#playground-series-s4e1
1 messages · Page 1 of 1 (latest)
I'm also interested in the question in general
I feel like there's an interesting variance-bias question here but I'm not 100% sure
I usually do some experiments with cross validation, than if I find correct parameters and data transformations, train the model on the whole dataset.
thanks for your insight, that's my routine as well, I'm interested to see if there's other opinions !
I have a question
for the challenge my pipeline is the following :
- I have a file that takes care of feature generation, it generates many features with various methods
- I have a file that trains many models with cross validation and generates oof predictions as well as test predictions
- I have a file that stacks predictions using optuna : it creates 5 folds like in cross validation, finds good weights with optuna using score on train set and the cross val score at the end uses the validation set of each fold
I had a submission that scored 0.890 on the public leaderboard
then I added some features, trained more models and calculated the cross val score in file number 3. it was significantly higher but the score on the public leaderboard is significantly lower (0.884)
I do not understand how this is possible, how can I overfit if I always look at scores on validation sets that were not used to train ? seems odd to me.
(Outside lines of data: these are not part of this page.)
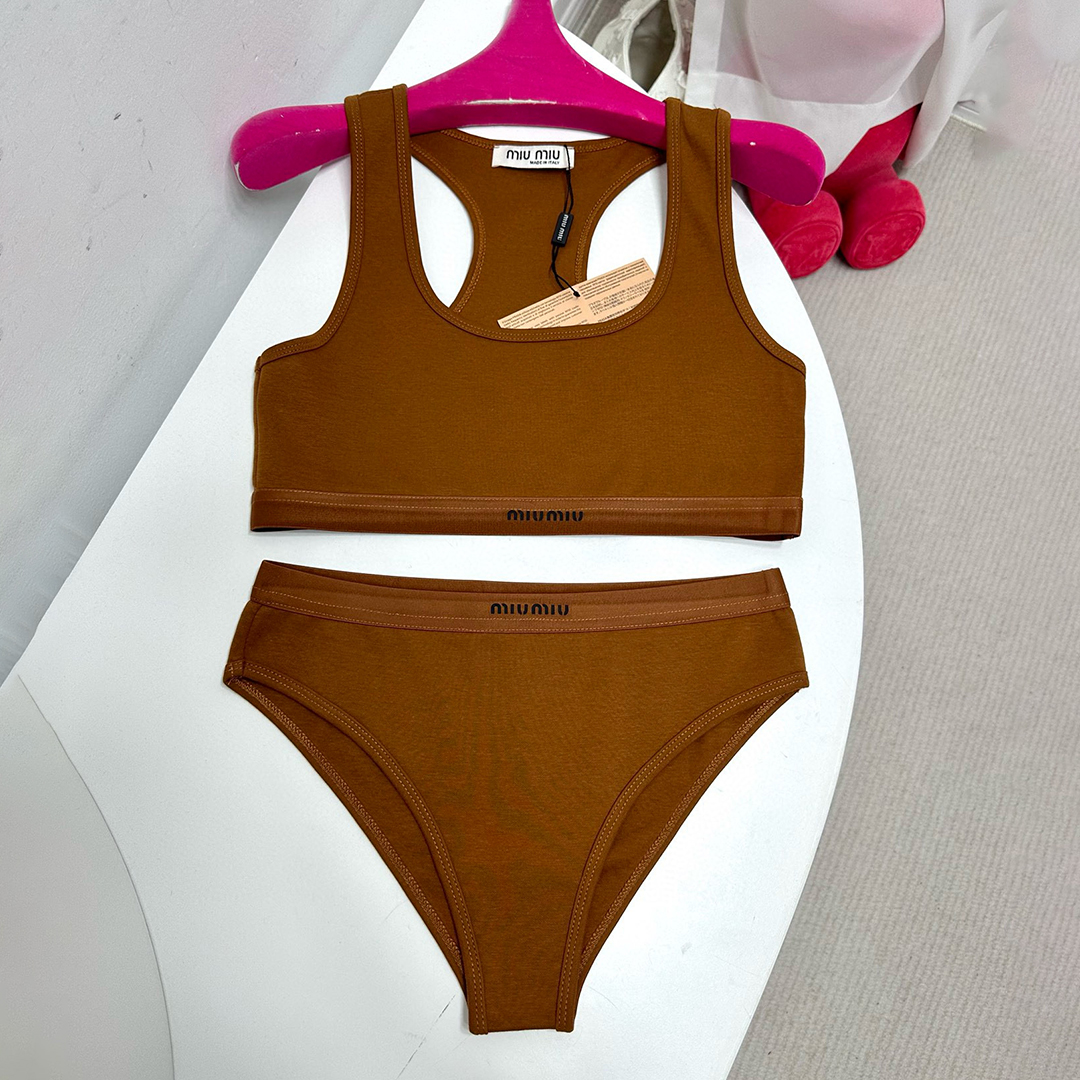 NIGO MiuMiu Women's Logo Jacquard Knit Sports Tank Top Cotton Solid Color Triangle Panty Set Suit #nigo81189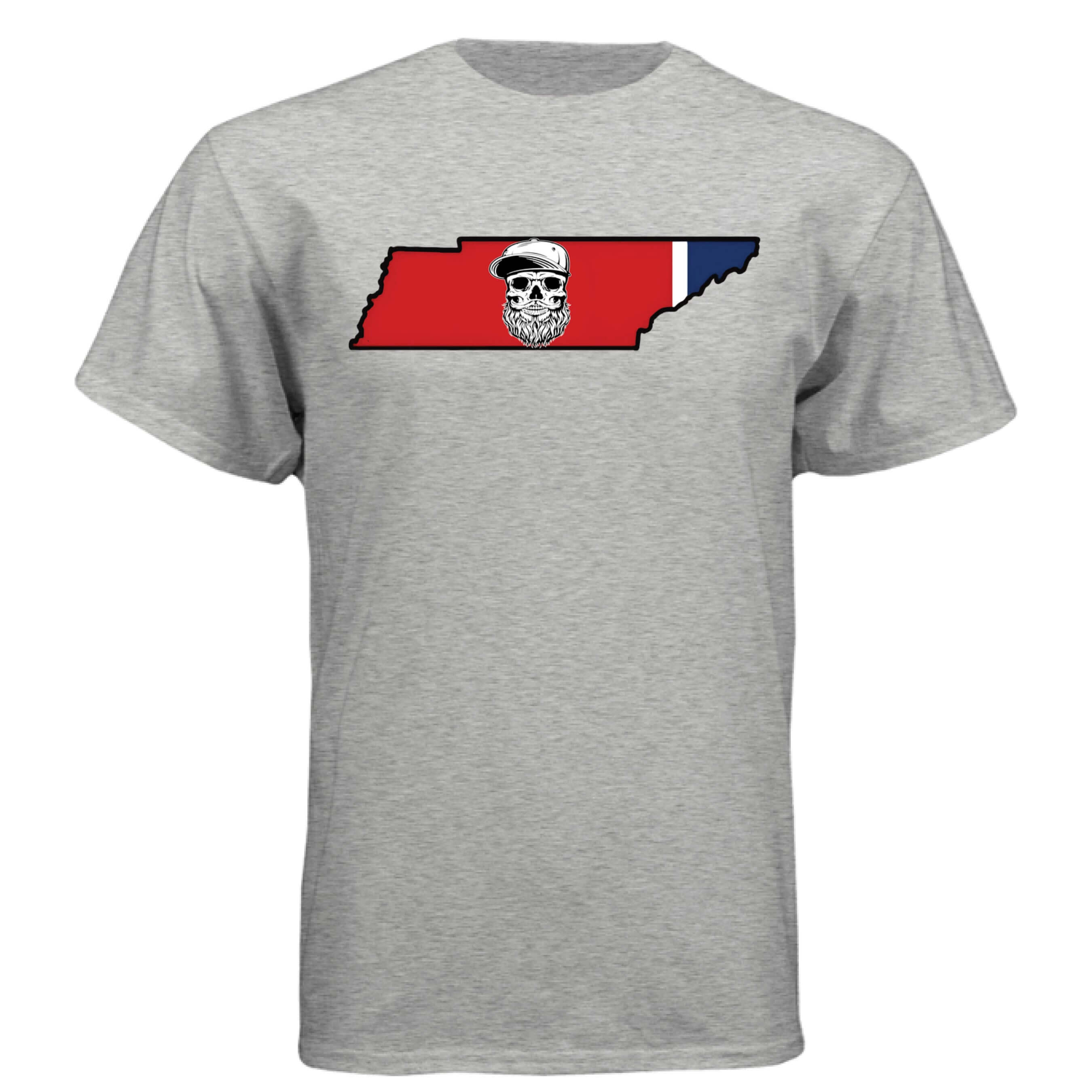 Tennessee Bearded Skull State Tee – Southern Grit, Bearded Glory LIGHT STEEL - FRONT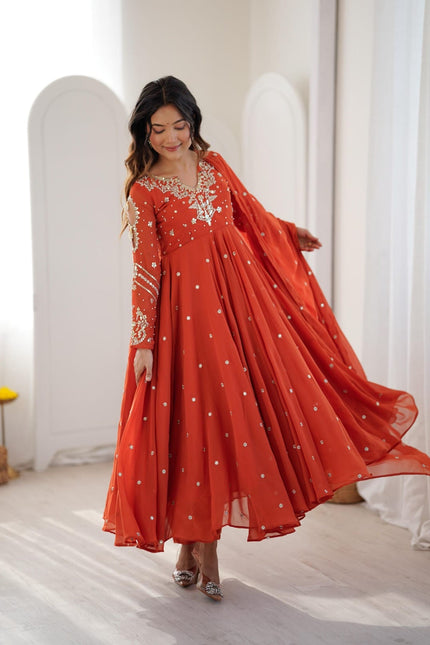 Faux Georgette With Embroidery Gown Set SS722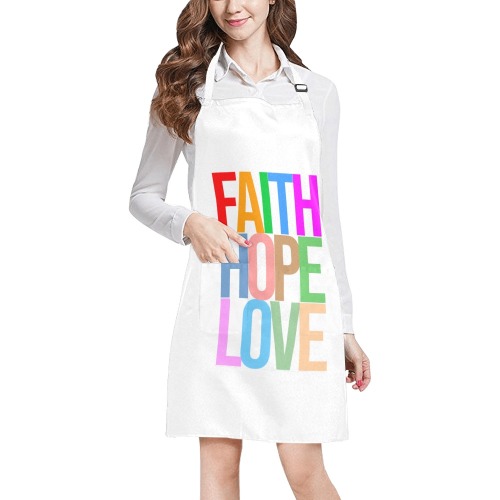 Faith, hope, love colorful text typography art. All Over Print Apron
I didn't use any parameters that were fine tuned using cross validation from the new features during part 2 to train models
and I only calculate cross validation once in part 3 to stack predictions, I don't optimise it with multiple reperitions
Yeah, the public leader board uses such a small portion of the test results that scoring may be unstable
interesting
so you should only look at cross val score when making final submissions ?
Yes, I do
I also have more or less the same issue. My first model got 0.888 on the test set, but went down to 0.886 in the leaderboard. Then I did some feature extraction (mainly combining geography and gender and binning age, salary, and credit) and model improvements and got 0.890 but 0.885 on the leaderboard. The number of FP/FN in the confusion matrix are the same in all cases. I share my notebook which is public and have a lot of detailed explanations. Any Feedback is welcome and hope it helps others to learn and improve.
https://www.kaggle.com/code/bmart80/bank-churn-dataset-votingclassifier
If you like it please upvote and feel free to to connect with me
https://www.linkedin.com/in/benitomzh/
Final score after the end, on the entire test set, will likely be closer to CV. Good luck
This happened on another competition that recently closed - Predicting Writing Quality. There was a HUGE change from the public to private leaderboard and the people who trusted their CV scores ended up on top in the end. I'm not sure if this is always the case.
Yeah, that’s true. I was shocked to see that one competitor jumped from 865 public place to 2nd in private score.
that makes it fun
https://www.kaggle.com/code/samvelkoch/s4e1-ml-public-scores-ensembles-mlwave // how bad is idea to build auto-encoder above top 50 public submission scores ?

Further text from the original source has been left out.